DESCRIPTION OF EVENT

On January 6, 2014, while at 100% steady state reactor power, the 33 Steam Generator (SG) {AB} steam flow (SF) Feedwater Flow (FF) mismatch and SG level control deviation alarms annuniciated at approximately 21:14 hours, followed immediately by a 32 Main Boiler Feedwater Pump (MBFP) vibration alarm. Operators observed the MBFPs operation and realized they were responding to a reduction in feedwater (FW) flow. Operators noticed the selected feedwater (FW) flow (FF) channel at zero and swapped to the alternate channel and noted both FF channels at zero. With the 33 SG level at approximately 10% and lowering, operators started actions to initiate a manual reactor trip (RT) {JC} when an automatic RT occurred at approximately 21:15 hours, on a SF/FF mismatch coincident with low SG level.

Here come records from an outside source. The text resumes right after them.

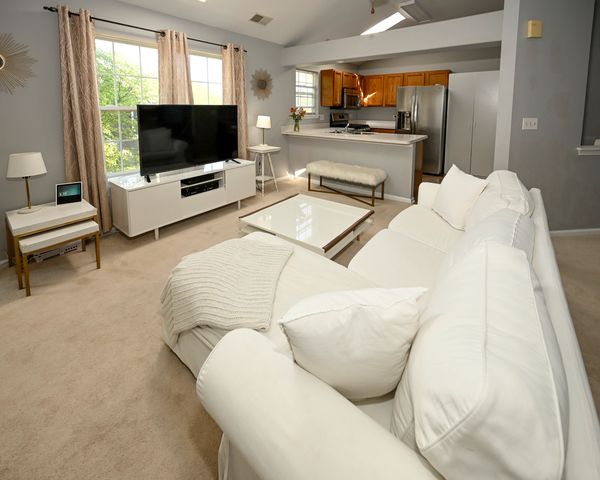 2208 Lake Ridge Drive 2208, Glendale Heights, IL 60139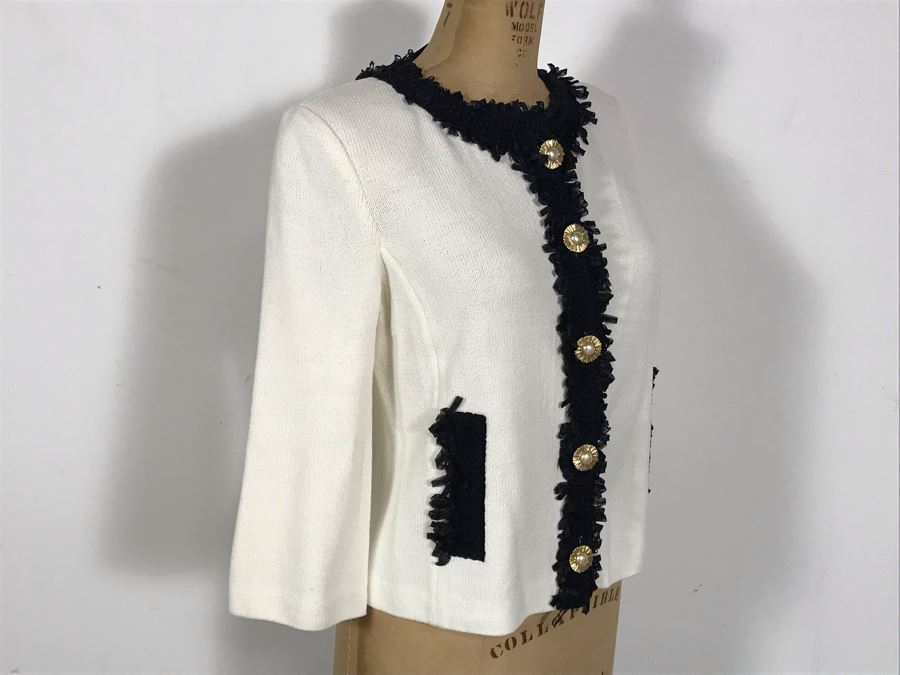 St. John Collection Knit Jacket Size 4 [Photo 3]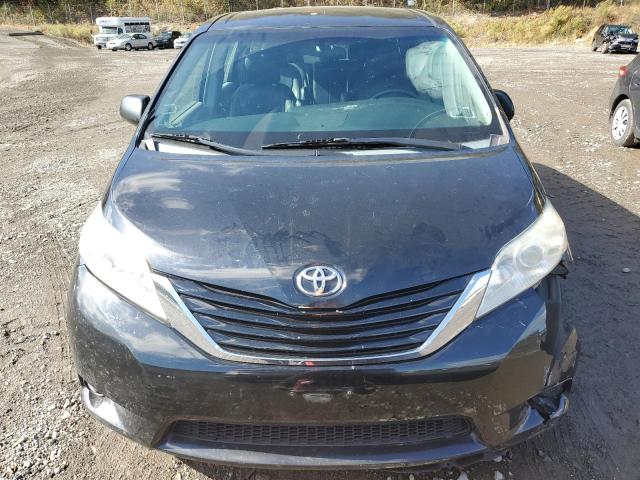 Photo 5 from auction – 2015 TOYOTA SIENNA with VIN 5TDZK3DC9FS538483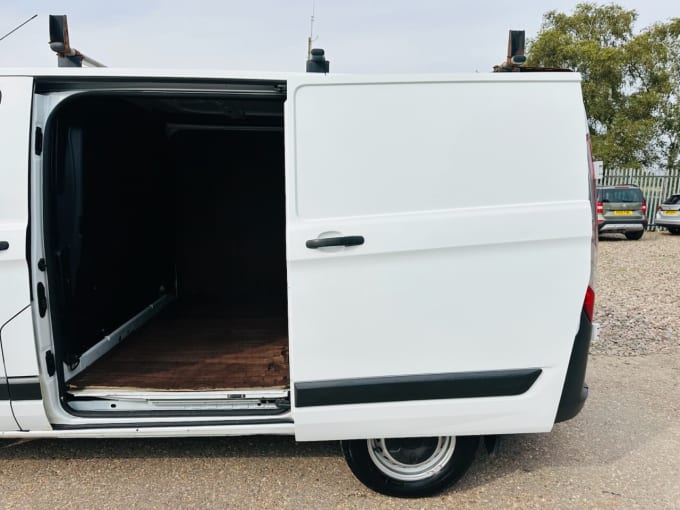 2025 Ford Transit Custom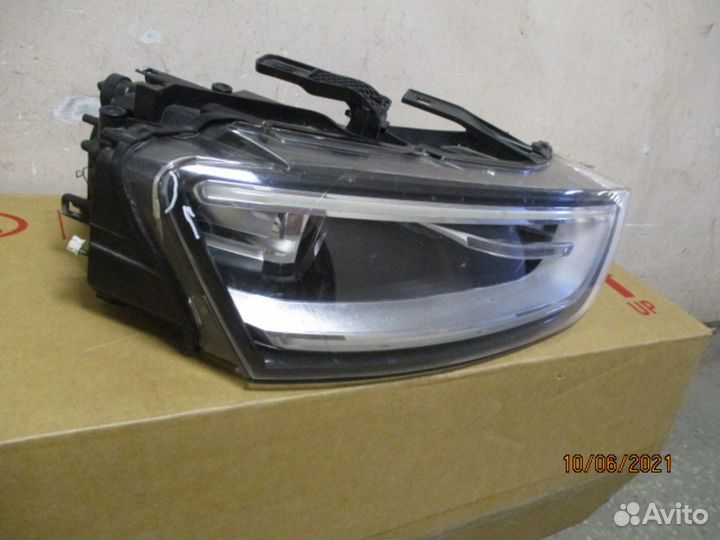 Фара правая Audi Q3/RS Q3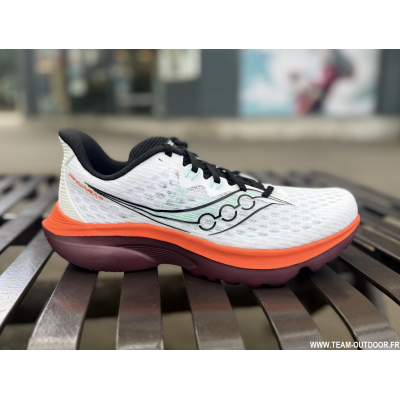 SAUCONY Kinvara 16 Homme...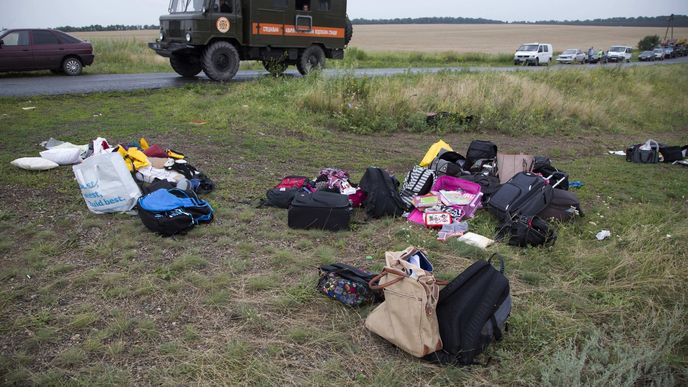 Svět je šokován chováním proruských separatistů na místě katastrofy letadla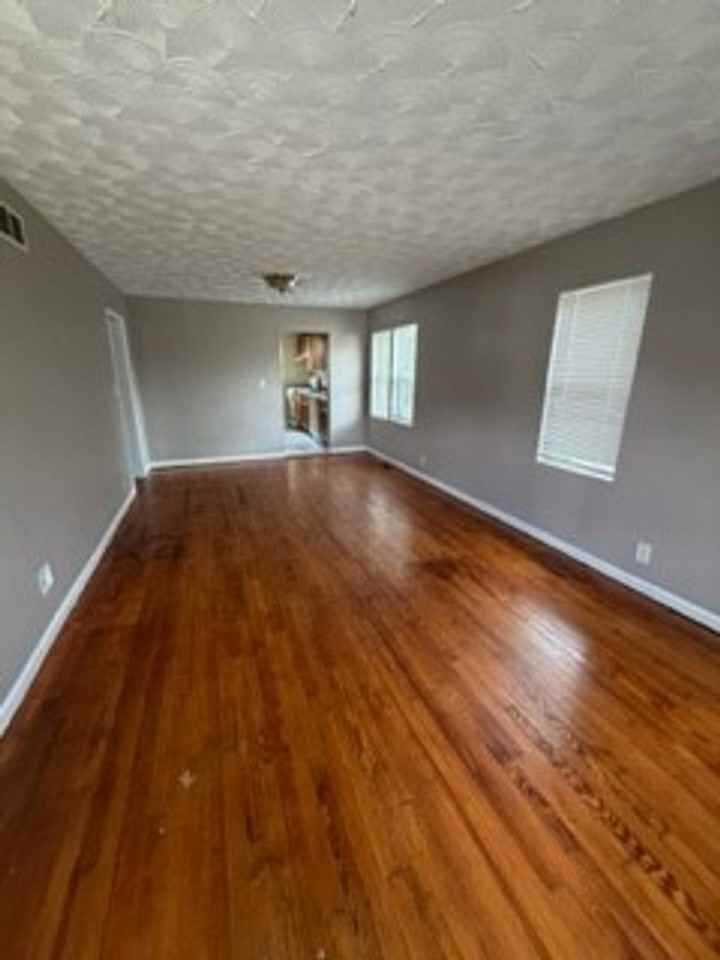 236 S Edith St - Photo 2 of 7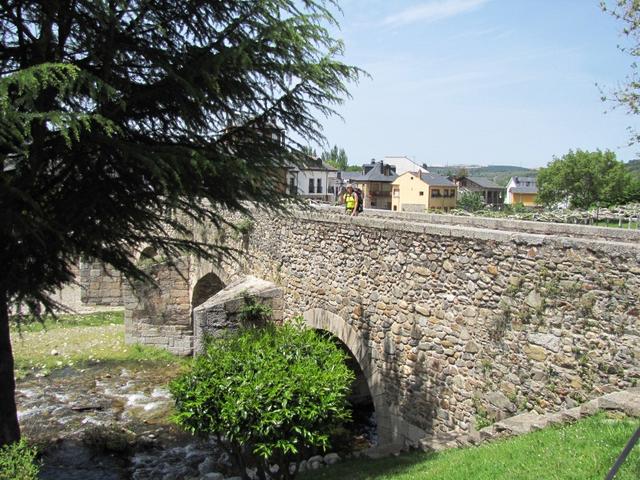 Mäusi auf der ehemaligen römischen Brücke die den Río Meruelo überspannt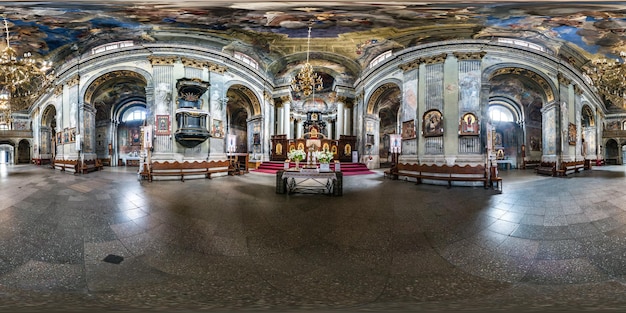 LVIV UKRAINE 8월 2019 전체 구형 이음매 없는 hdri 파노라마 360도 내부 천정이 있는 등방형 투영 VR AR 콘텐츠에서 대천사 미카엘의 오래된 고딕 연합 교회 내부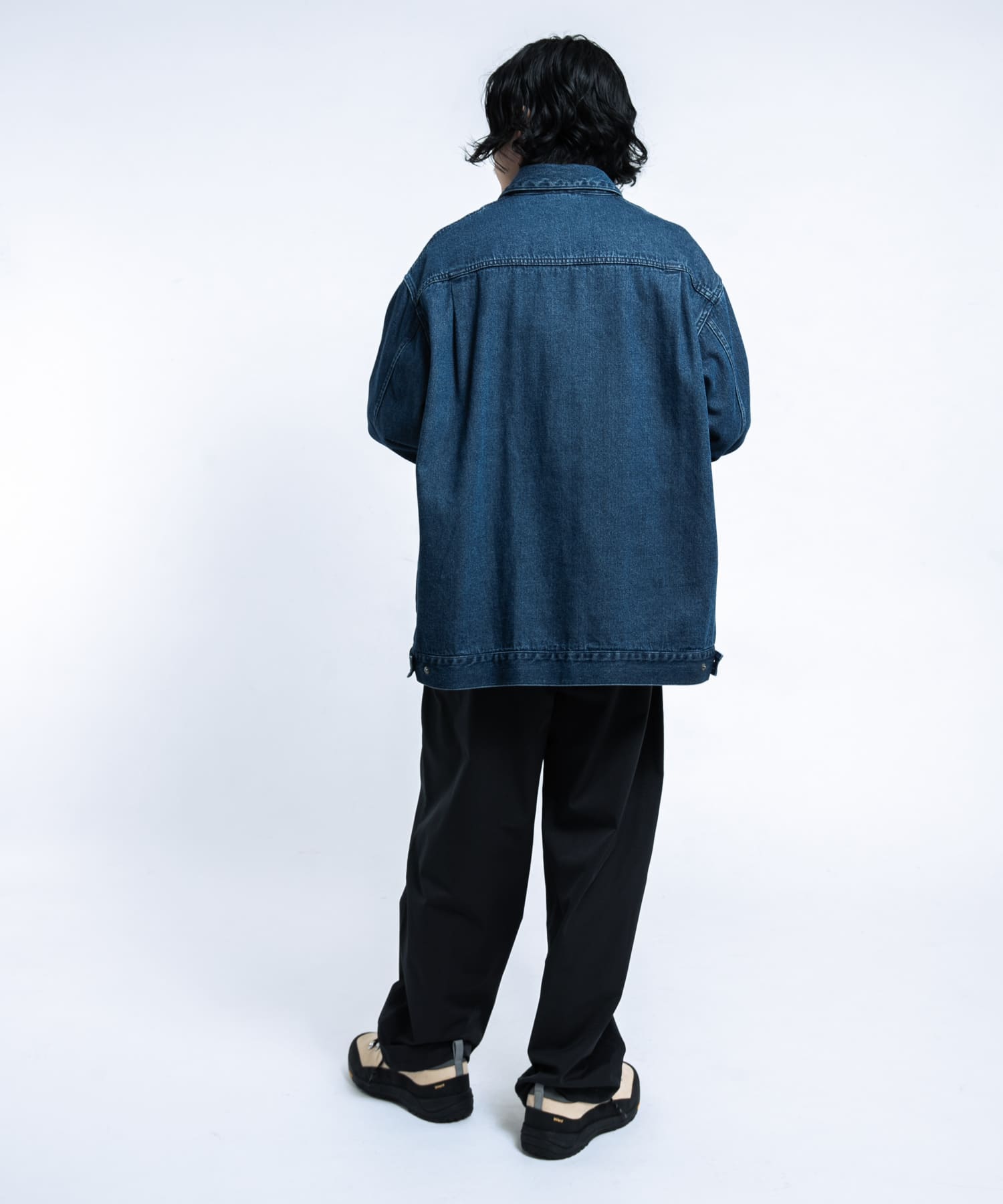 身長 : 179cm サイズ : L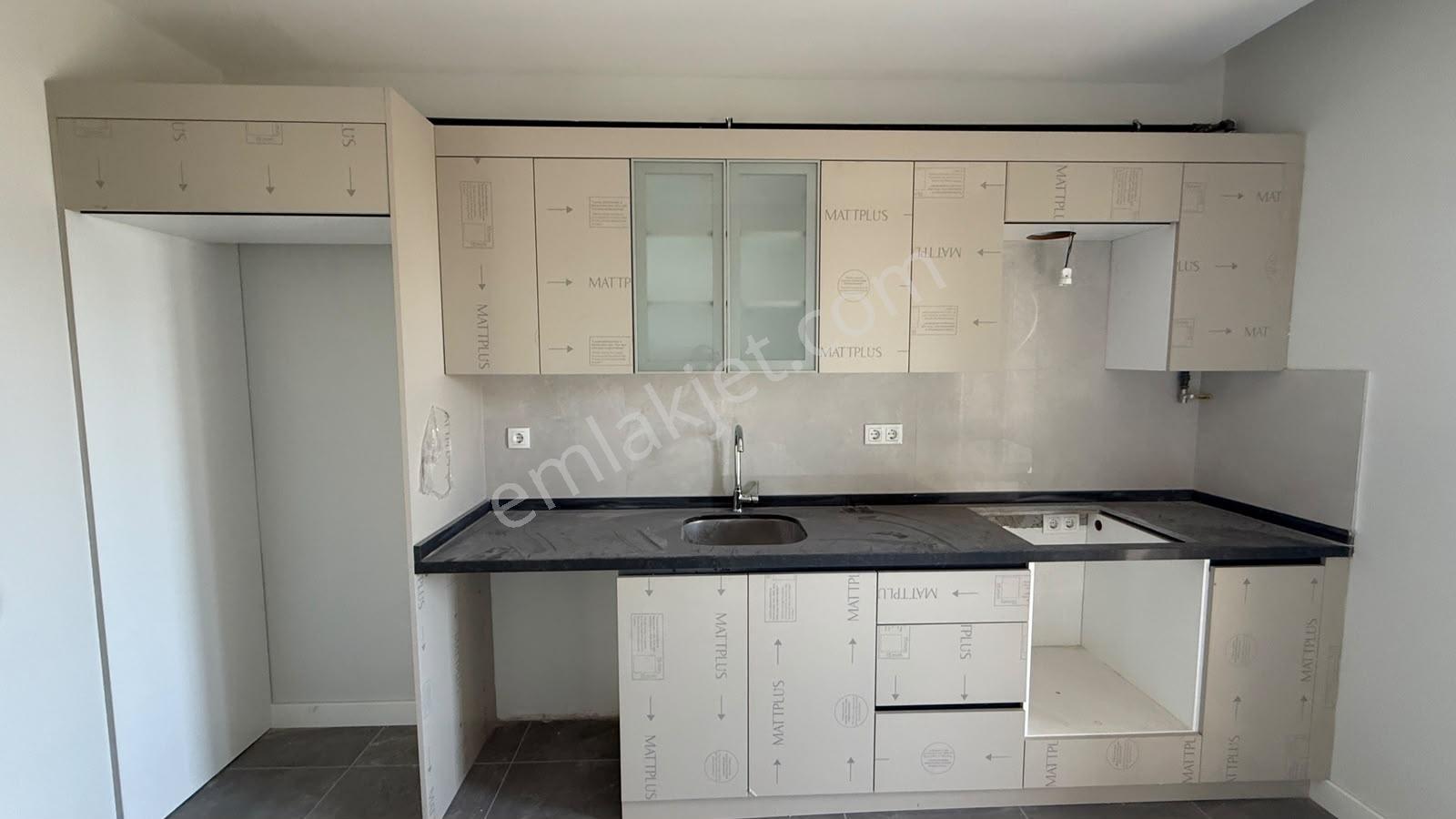 Tuzla Aydıntepe'de Site İçi Deniz Manz. Üç Cepheli Satılık 3+1 — fotoğraf 7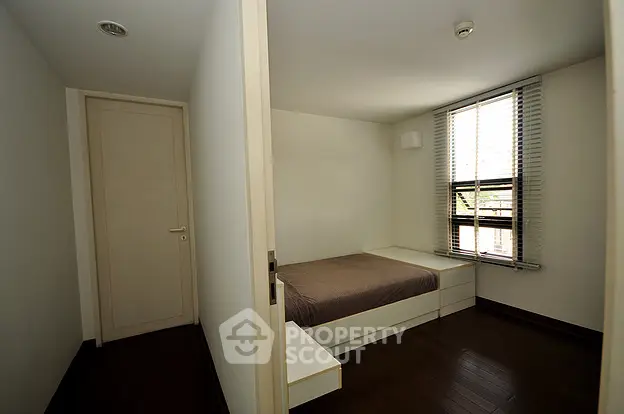 Fully Furnished 2 Bedrooms Apartment at พี 202 บูติค อพาร์ทเม้นท์-1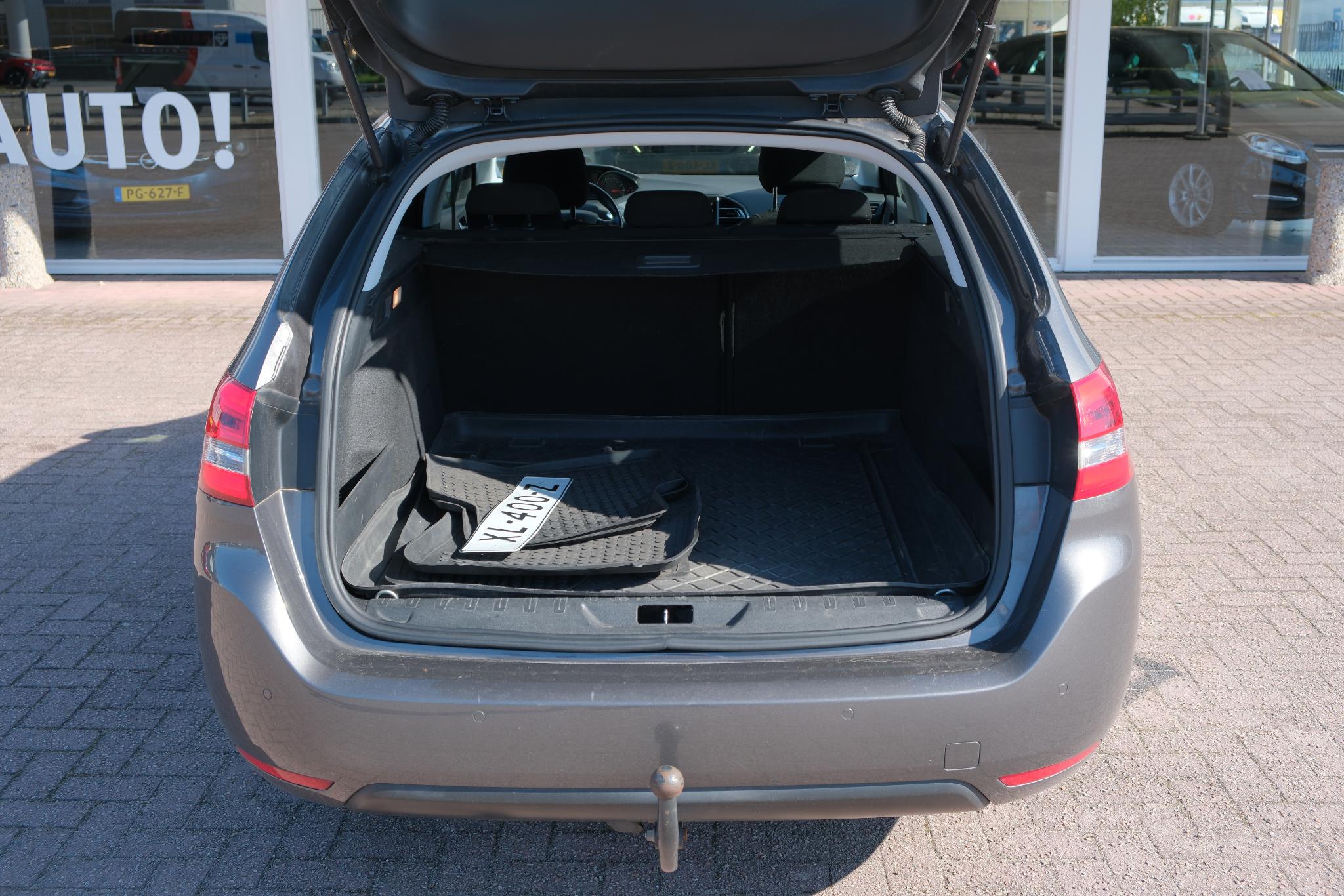 Peugeot 308 SW 1.2 PureTech 130pk Allure | Navi | Cruise | Trekhaak | Climate | PDC afbeelding 19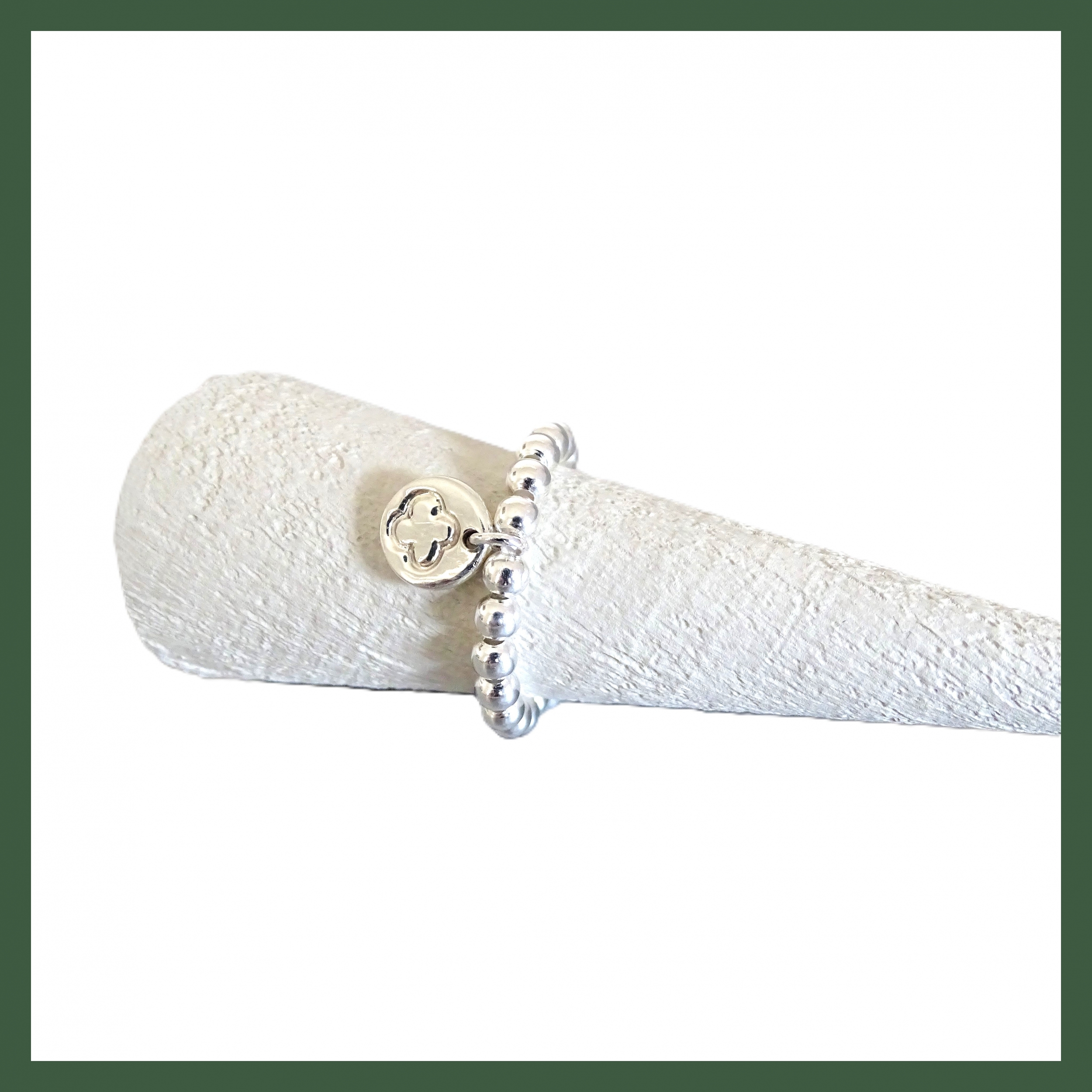 Bague pastille Gravée Trèfle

All control rods {AA} fully inserted and all required safety systems functioned properly with the exception of the intermediate range excore neutron flux detector N-35 which was undercompensated. The plant was stabilized in hot standby with decay heat being removed by the main condenser {SG}. The Auxiliary Feedwater System {BA} automatically started as expected due to SG low level from shrink effect. The Emergency Diesel Generators {EK} did not start as offsite power remained available and stable. There was no radiation release. Investigations determined the decreasing SG levels was due to reduced main FW flow as a result of a closed 33 Feedwater Regulating Valve (FRV) (FCV-437) {FCV}. The closure of the 33 FRV-437 was due to no output from flow controller FC-437 {FC}. The RT event was recorded in the Indian Point Energy Center corrective action program (CAP) as CR- IP3-2014-00054. A post trip evaluation was initiated on January 7, 2014.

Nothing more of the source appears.